Время и опыт дали узнать графине Салтыковой милые и почтенные свойства моей сестры; она ее душевно уважала, а жалкое состояние, в котором находились тогда супруги, заставляло ее принимать самое искреннее участие в их делах. Сестра посещала ее гораздо чаще. В один вечер, между разговорами, она не скрыла от неё опасений своих насчет моей участи, находя, что незаметно было во мне ни охоты, ни способностей к тому роду службы, который принуждены были для меня избрать, и упомянула о неудачной попытке у графа Растопчина. Услышав его имя, графиня воскликнула: «Зачем же вы мне прежде не сказали! Ведь мы с ним большие друзья; он мне ни в чём отказать не может; завтра же пишу к нему».
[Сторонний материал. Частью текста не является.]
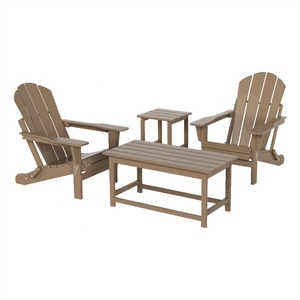 paradise 4-piece set folding adirondack chair with coffee table and side table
Разумеется, что с просьбою к полковому командиру мы приостановились. Ответ графа Растопчина не заставил себя долго ждать: мы получили его не с большим через неделю. Вот содержание его письма: «покровительствуемый-де вами давным давно определен в число юнкеров при коллегии положенных, но доселе неизвестно было, куда он девался; если вам непременно угодно его иметь в Москве, то хотя в архиве комплект уже наполнен, я беру на свою ответственность перевести его туда сверх штата».
Служба теперь в России есть жизнь; почти все у нас идут в отставку, как живые в могилу, в которой им тесно и душно, и из которой, при первом удобном случае, они вырываются. В старину, на этот счет, были благоразумнее. Были, однако же, семейства, и мое в том числе, которые в отставке видели уничижение, потерю всех надежд, лишение всех удовольствий самолюбия. Все члены моего семейства, один за другим, были удалены от службы; самый младший из них вступал в нее, и прямо офицерским чином. Можно себе представить, по тогдашним понятиям, какую радость сие происшествие произвело между нами!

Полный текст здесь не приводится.